# Data for review
---
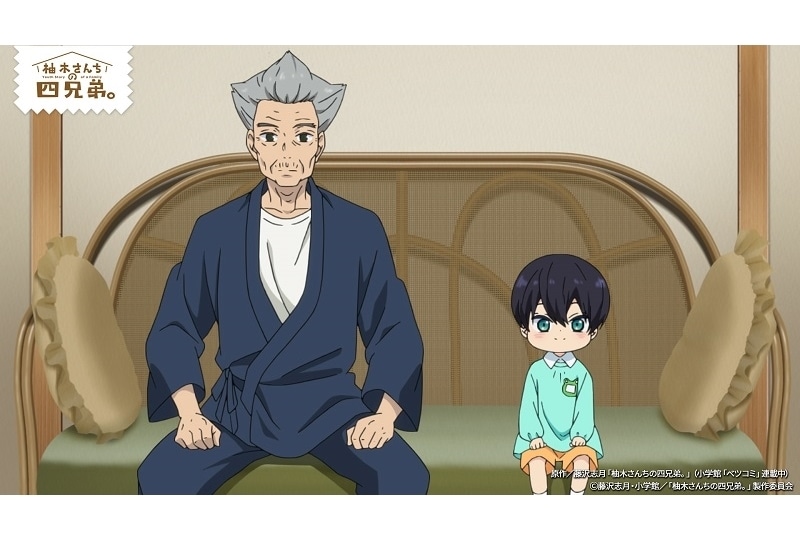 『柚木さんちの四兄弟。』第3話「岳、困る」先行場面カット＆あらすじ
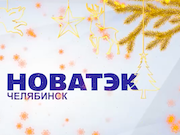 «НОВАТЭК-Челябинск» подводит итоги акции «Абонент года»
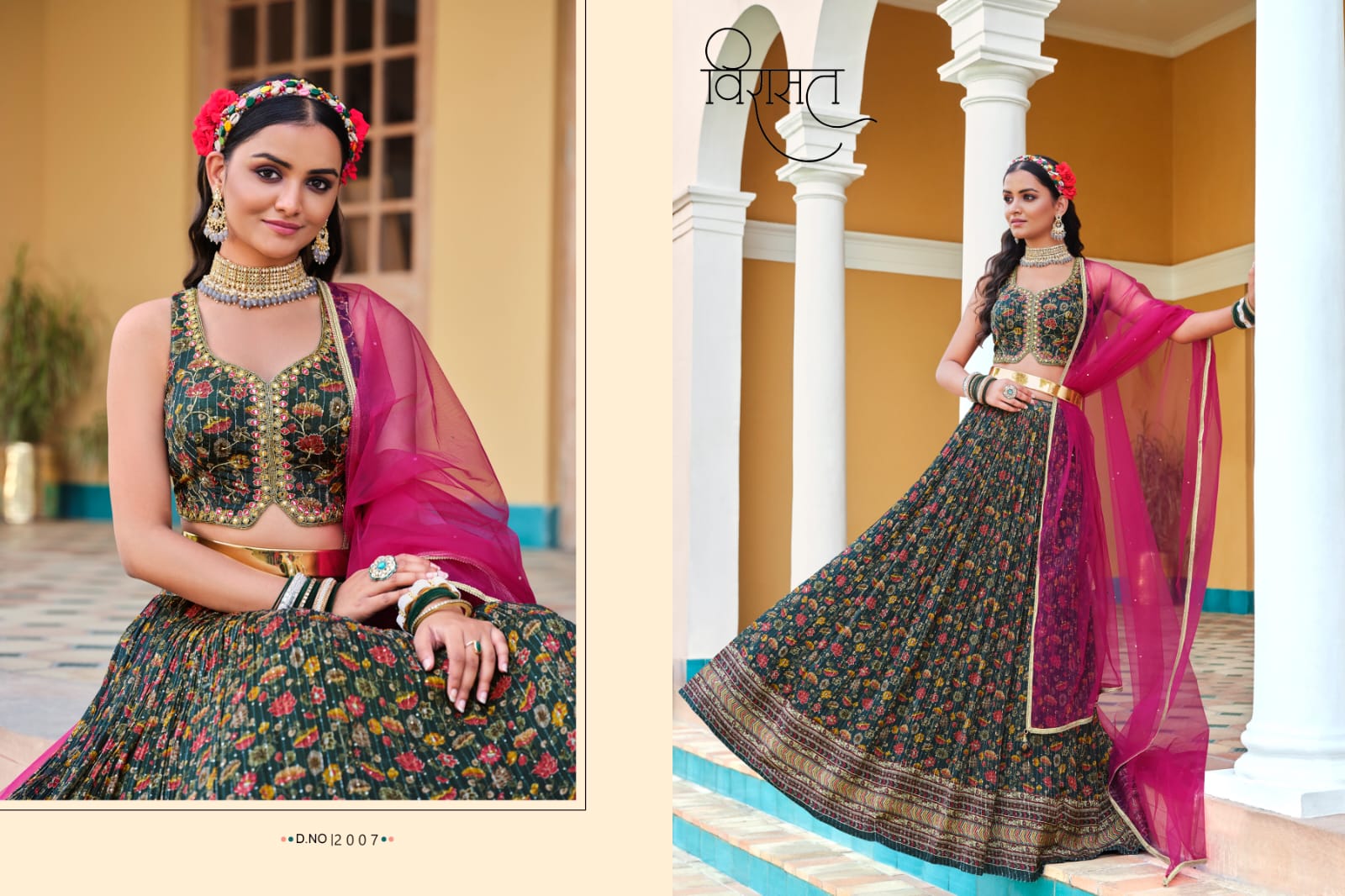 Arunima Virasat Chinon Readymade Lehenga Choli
---
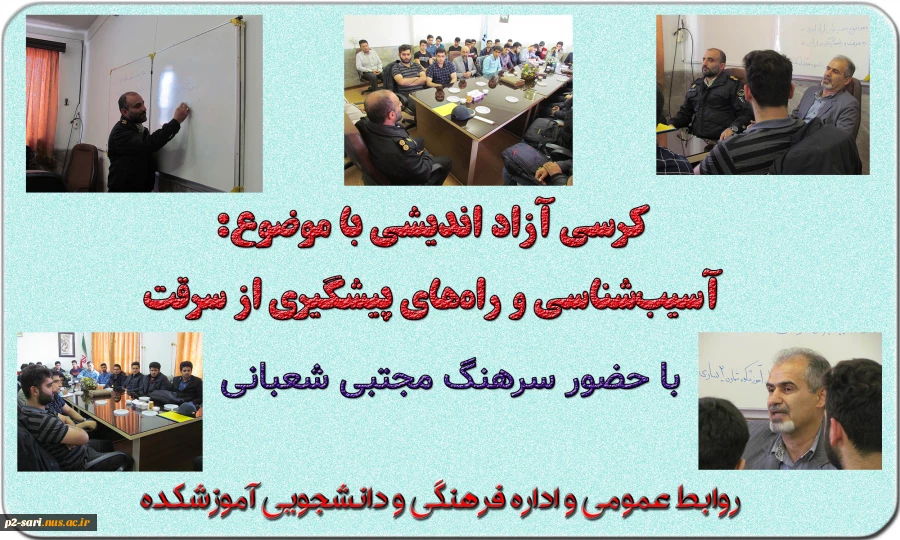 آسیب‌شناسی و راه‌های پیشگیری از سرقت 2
---
# Work instructions
In the records above, find the line with "подводит итоги акции" and the line with "Arunima Virasat Chinon". Write out exactly those lines and every one between, with no pictures and no other lines.

# Result
 «НОВАТЭК-Челябинск» подводит итоги акции «Абонент года»
 Arunima Virasat Chinon Readymade Lehenga Choli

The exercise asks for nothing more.